還有兩個月就要年底考核,梁清遠故意把時間提前一個月,為的就是有充足的時間迎接考核。
梁清遠接著提醒:“整個過程我不會管不會問,但是有個前提,不能動槍。”
方正問:“如果別人動槍呢?”
“誰敢動槍我就打誰。”
“你放心,事成之後,我們就是朋友,朋友之間沒有從屬關係,只有互幫互助。”
方正思考片刻,道:“我還有一個條件,事成之後我要方平升副處。”
梁清遠露出為難的神色,“我這邊肯定沒問題,不過治安署是雙重管理機構,這件事還得省署點頭才行。”
方正胸有成竹:“省署應該沒問題。”
梁清遠微微詫異,笑道:“那就沒問題了。”
“合作愉快!”方正笑吟吟的伸出手。
“合作愉快!”梁清遠露出老狐狸般的微笑。
和梁清遠分開後,方正驅車趕往安保基地。
方正可以確定以及肯定,今晚的話梁清遠不止對自己一個人說過。
或許對劉啟強說過,或許對秦烈也說過。
他在四處押寶,不管誰贏,他都百利無一害。
這一個月,清河市必將腥風血雨,等到下個月就會天下太平。
這個結果很多人樂意看到。
安保基地,還是上次審訊黃豹的審訊室。
朱老六抬起一桶涼水澆到嚴禮明的頭上。
嚴禮明悠悠醒轉,看見一屋子面目猙獰的大漢,駭的臉色大變。
“你們要幹什麼,我是李伯達的秘書,我要是出了事,李市長肯定不會放過你們。”
朱老六獰笑:“死到臨頭還在惦記你秘書的身份呢!”
“抬過去。”方正朝大理石桌子指了指。
朱老六和雷鳴將嚴禮明架到方桌前,問道:
“老大,怎麼弄?”
“讓他咬著桌子角。”方正揮揮手。
嚴禮明不知道他們要幹什麼,連連搖頭,哭嚎道:“你們放了我吧,我再也不騷擾李芷筠了。”

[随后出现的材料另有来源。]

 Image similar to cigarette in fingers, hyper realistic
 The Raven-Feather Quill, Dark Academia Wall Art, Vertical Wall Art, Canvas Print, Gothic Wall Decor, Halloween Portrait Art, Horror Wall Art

“不咬,我就敲爛你的手。”朱老六亮起一把老虎鉗,在他手指頭上比劃。
“我咬…我咬。”
嚴禮明彎下腰,惶恐的咬著桌子角,怕的眼淚都快流出來了。
“嘭!”
朱老六忽然一腳踹向嚴禮明的屁股。
“咔嚓!”
一股巨力透過堅硬的大理石桌角傳導至嚴禮明的嘴裡。
頓時便將他牙齒崩斷了好幾顆。
嚴禮明嘴裡咕咕冒出血水,身體痛覺防禦機制啟動,頭一歪又昏了過去。
方正說:“給他手機編輯一條群發資訊,發給所有聯絡人,明天發。”
朱老六問:“發什麼內容?”
“由於我的工資太低,入不敷出,所以我決定即日啟程去棉北打工,以後再也不回清河,請大家勿念。”
朱老六遲疑道:“沒人會信吧?”
方正不以為意:“你管他信不信,我就是要敲打一下他們,得罪我的人全部都要送去棉北當豬仔。”
“把他澆醒,繼續。”
“給你一個小時,不要弄死,晚上直接送到棉北。”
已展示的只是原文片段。